Her "Noh Reflections" for string trio, however, was considerably more difficult. In two extended movements, the music employs a lot of portamento and microtones, projecting a sort of agonized and contemplative apathy so hard to penetrate that it was a temptation to stop trying. The performance seemed well coordinated and thoroughly polished.

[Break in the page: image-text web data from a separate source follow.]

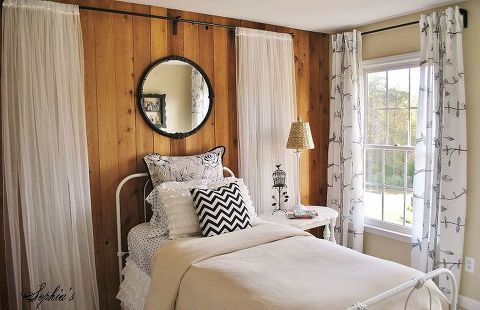 a bed room with a neatly made bed and a mirror on the wall above it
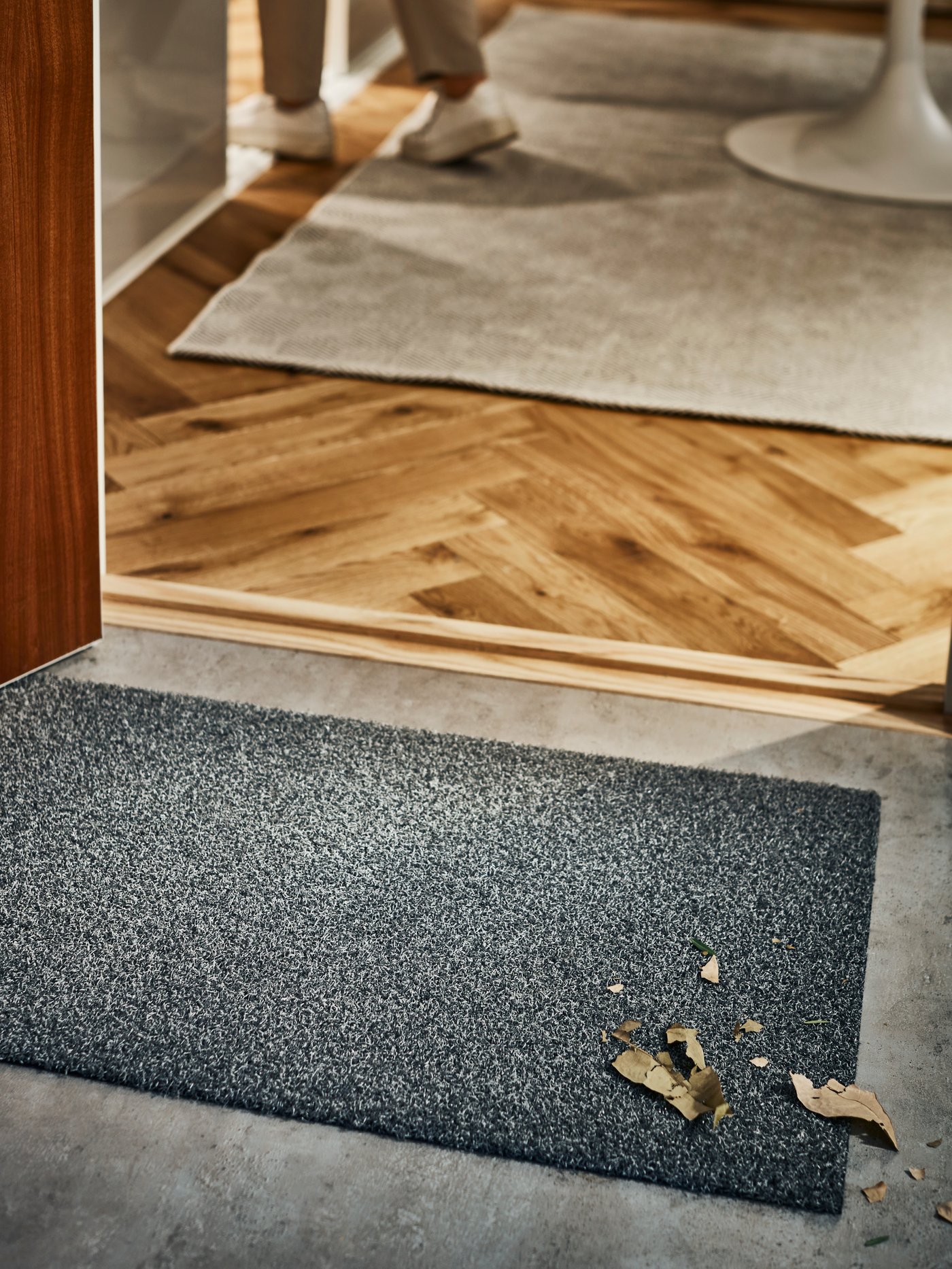 An in/outdoor grey OPLEV door mat sits at the front door of a home that has the front door open.
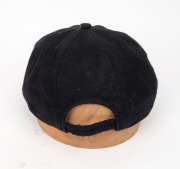 SHANE WARNE'S ST. KILDA CAP, black, with the embroidered "ST K CC" logo embroidered to the front panel. Signed by Warne to the back of the panel. Very good condition. Warne had joined the St. Kilda Cricket Club for the 1985-86 season when he was 16 years - 4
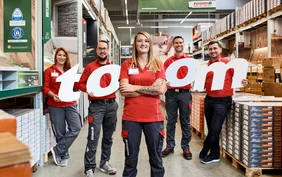 Fünf Azubis im toom Baumarkt mit toom Buchstaben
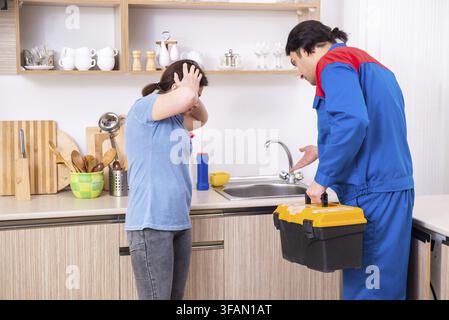 The young male mechanic repairs the faucet Stock Photo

---Joan Reinthaler, The Washington Post
Concerto for Active Frogs
was the unlikely title for a hilarious piece of contemporary music presented last night at Strathmore Hall in a program devoted to compositions by Anne LeBaron. The chorus (frogs, of course,) entered wearing tunics cut from green trash bags. The head bullfrog was sung (or rather, croaked) with amazing aplomb by baritone Richard Potter, who had a frog mask on his head and carried two bicycle horns. Real frogs were represented on tape. LeBaron's stated intention was to increase "respect for the inherent musicality of these ancient tailless amphibians." Her work did just that with humor and imagination, and with a solid musical structure.

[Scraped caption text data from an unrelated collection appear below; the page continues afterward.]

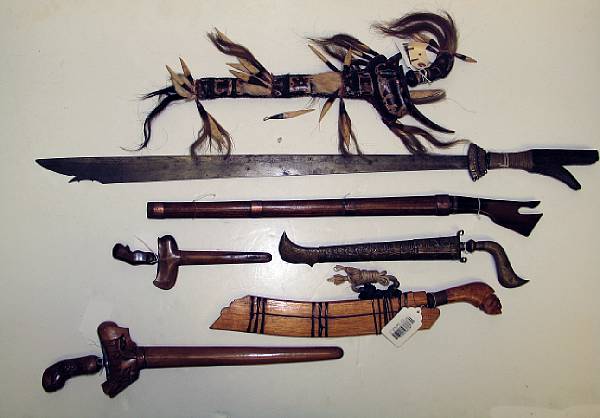 Appraisal: Seven Indonesian edged weapons A kampilan a horn-hilted klewang with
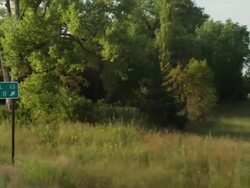 Drive by highway sign O'Neill and Orchard green trees Stock Footage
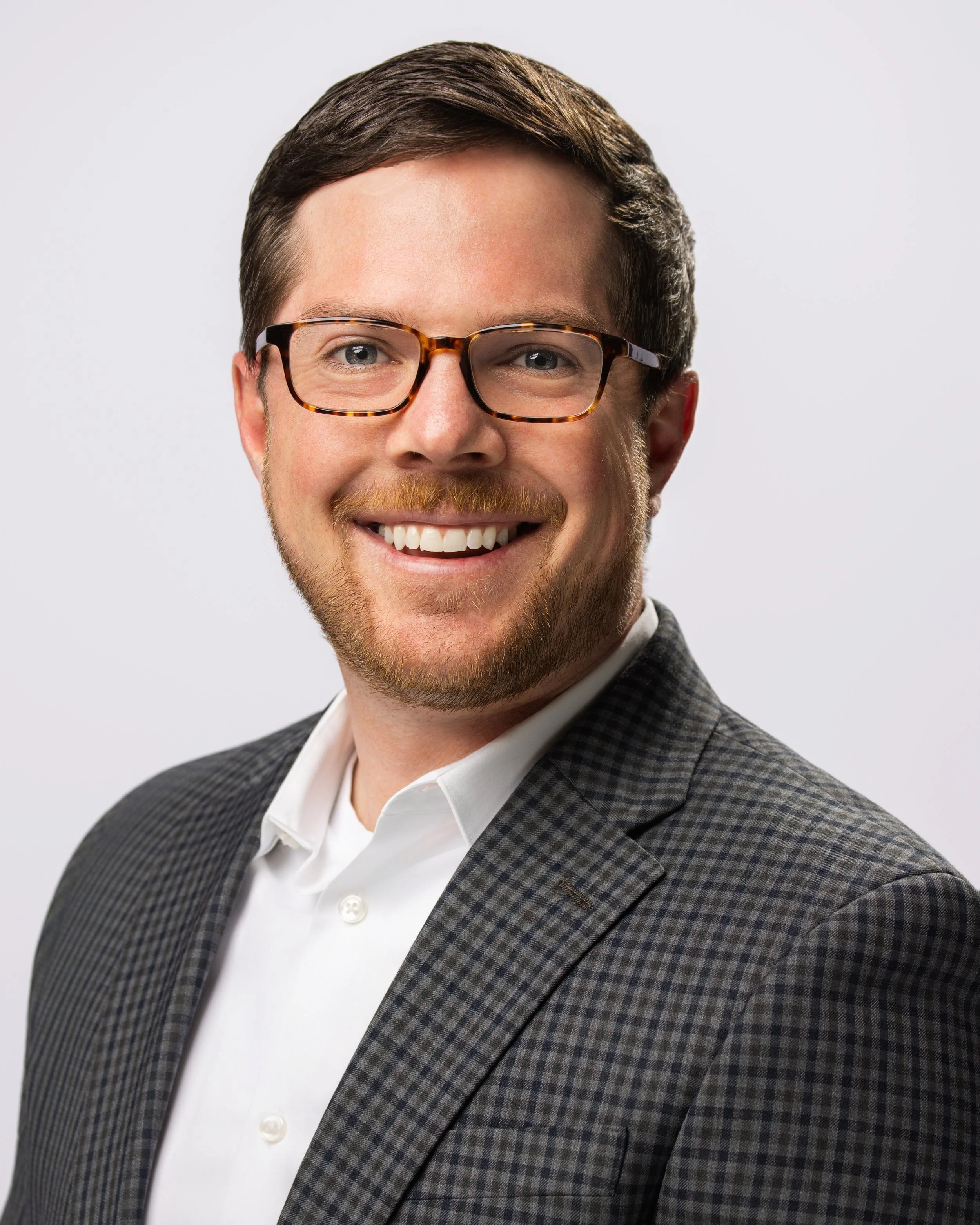Headshot of a smiling man with brown hair, beard, and glasses, wearing a plaid blazer and white shirt against a plain light background.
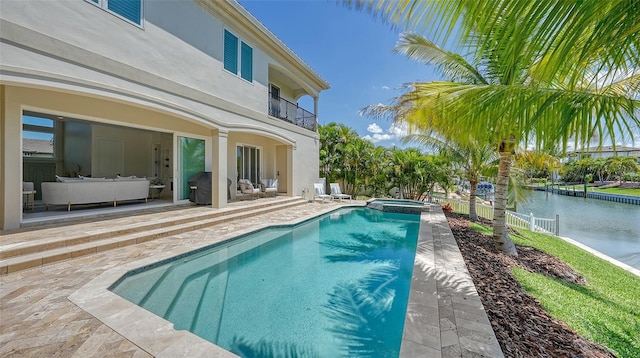 view of pool featuring an in ground hot tub, a water view, and a patio area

---Ed Roberts, The Washington Post
. . .follows the inclination of its materials and is musically convincing. Each of three movements begins with disparate ideas in the five winds, harp and percussion. LeBaron's program notes propose that in each case the movement is toward "increasing disorder," but as music often will act perversely, independent of its creator's conscious intentions, it sounded the opposite, toward satisfying synthesis and resolution.
---Robert Commanday, San Francisco Chronicle
Rite of the Black Sun, at NYC's Carngie Recital Hall
The hit of the evening was the newest work on the program, Anne LeBaron's "Rite of the Black Sun," which received its world premiere. In some respects, Miss LeBaron could hardly have failed to create a fascinating tour de force with a piece that derives its musical power from 50 percussion instruments conjuring up images of a bloody peyote ritual among Tarahumara Indians in Mexico. The score weaves an appropriately hypnotic, incantatory spell, employing its exotic sound sources with sophisticated compositional skill and a sure ear for dramatic effect.
---Peter G. Davis, The New York Times
And at Tanglewood
Far more interesting was "Rite of the Black Sun" by Anne LeBaron, which dates from 1980 and 1987, and came to the Festival already a well-traveled success and candidate for compact disc. Aside from a quartet of energetic players, who ran around their percussive hives after every conceivable gong, drum, rattle and noisemaker, "Rite" was written for seven optional dancers, not present at this concert. According to the composer, their gyrations help to clarify the structural complexities. That "Rite" works without them was surprising, but it did. One would not have guessed an easy marriage between LeBaron's severly dry erudition and Antonin Artaud's mystical palaver in the text that inspired it. Ritualistic awe and a sense of primitive might did arise from the fantastic array of instruments. The tintinnabulation almost talked.